*Work task:* Your output is the line containing "this 700×474 image." plus every line after it in the listing, reproduced exactly.

*Available data:*

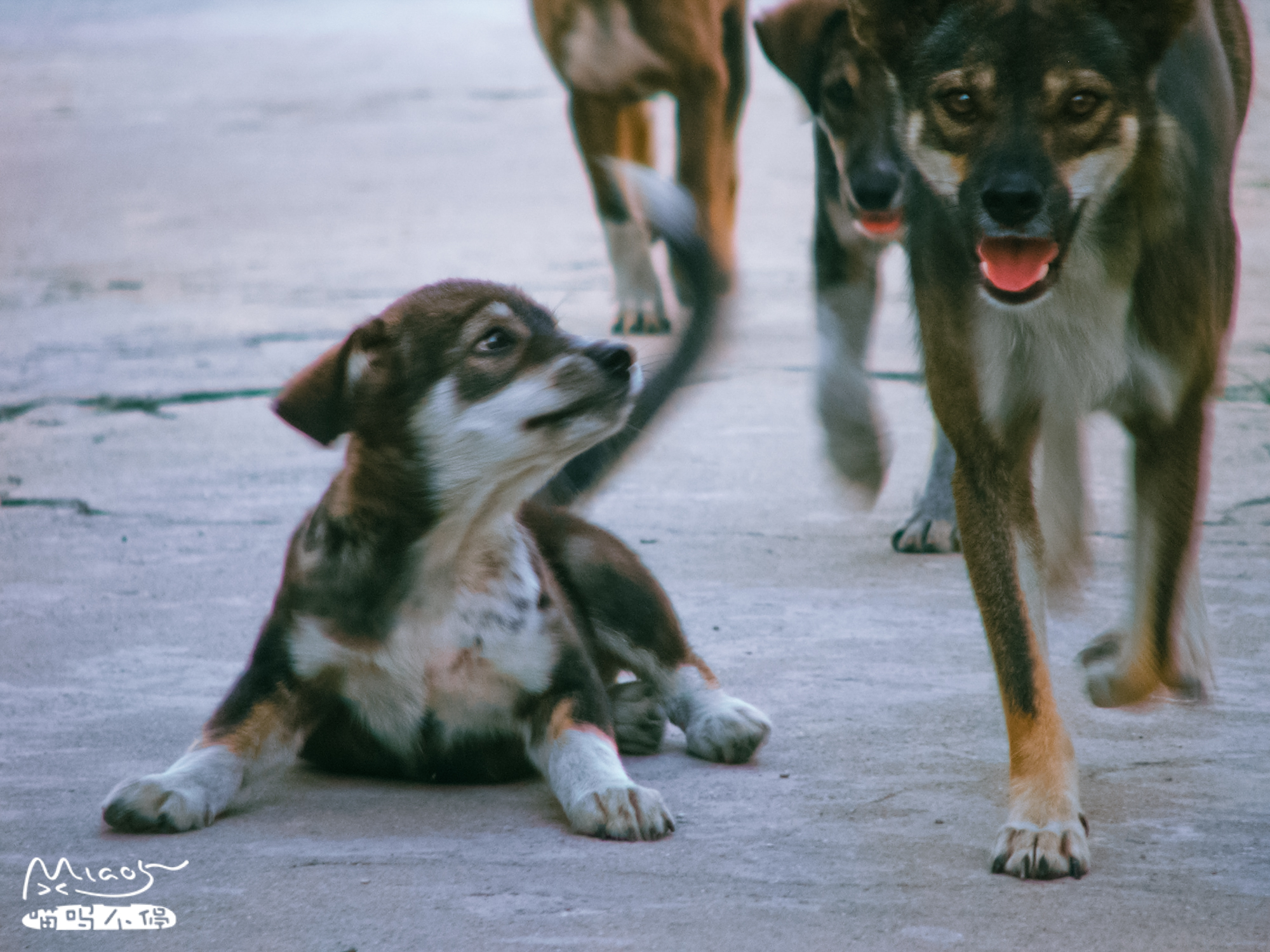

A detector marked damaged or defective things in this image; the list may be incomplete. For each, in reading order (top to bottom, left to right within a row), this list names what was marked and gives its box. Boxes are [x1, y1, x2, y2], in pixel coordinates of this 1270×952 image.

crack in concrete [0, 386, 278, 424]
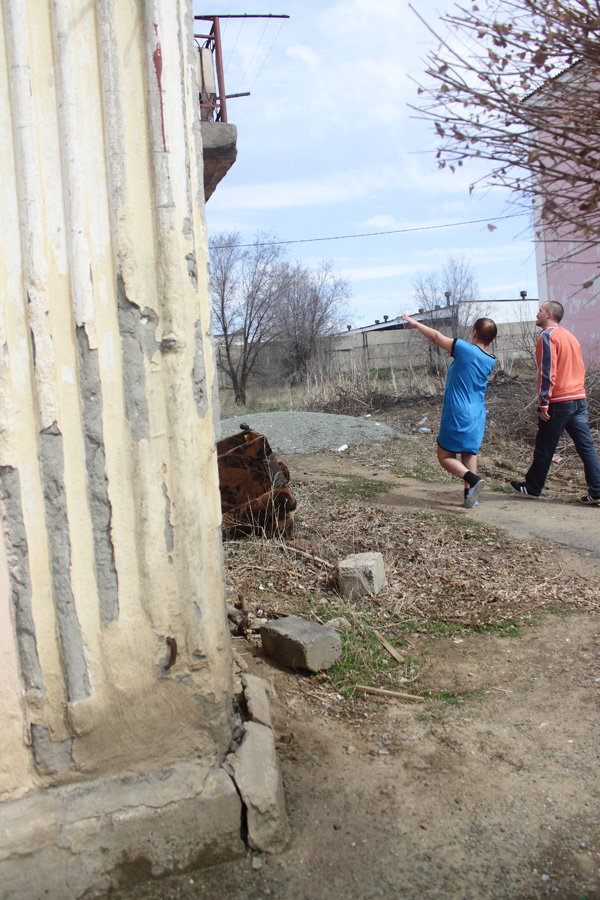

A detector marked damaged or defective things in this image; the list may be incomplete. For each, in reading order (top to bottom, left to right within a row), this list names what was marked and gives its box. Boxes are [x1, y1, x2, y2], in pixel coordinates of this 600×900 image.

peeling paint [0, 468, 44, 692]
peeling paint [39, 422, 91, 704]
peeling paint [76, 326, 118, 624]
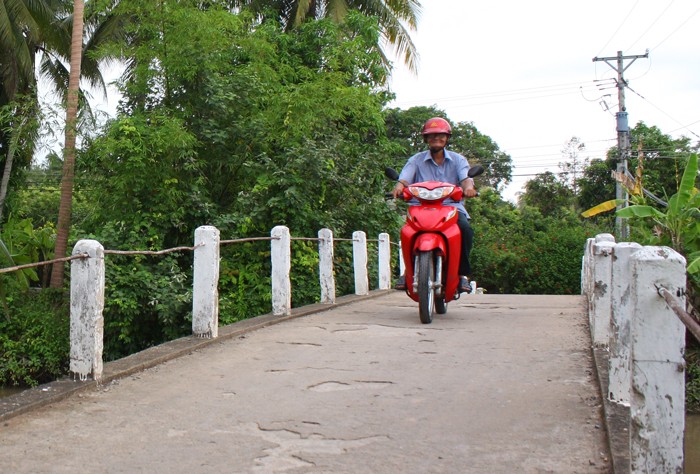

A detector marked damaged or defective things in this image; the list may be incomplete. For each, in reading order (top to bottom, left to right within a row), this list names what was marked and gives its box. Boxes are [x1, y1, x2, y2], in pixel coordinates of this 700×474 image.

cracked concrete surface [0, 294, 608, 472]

*Solution to this exercise:*
A detector marked damaged or defective things in this image; the list may be incomplete. For each, in reading order (top to bottom, left to right within a row), this list names what was marked and gives its box. Boxes are [x1, y1, x2, y2], in pixel coordinates of this 700×474 image.

cracked concrete surface [0, 294, 608, 472]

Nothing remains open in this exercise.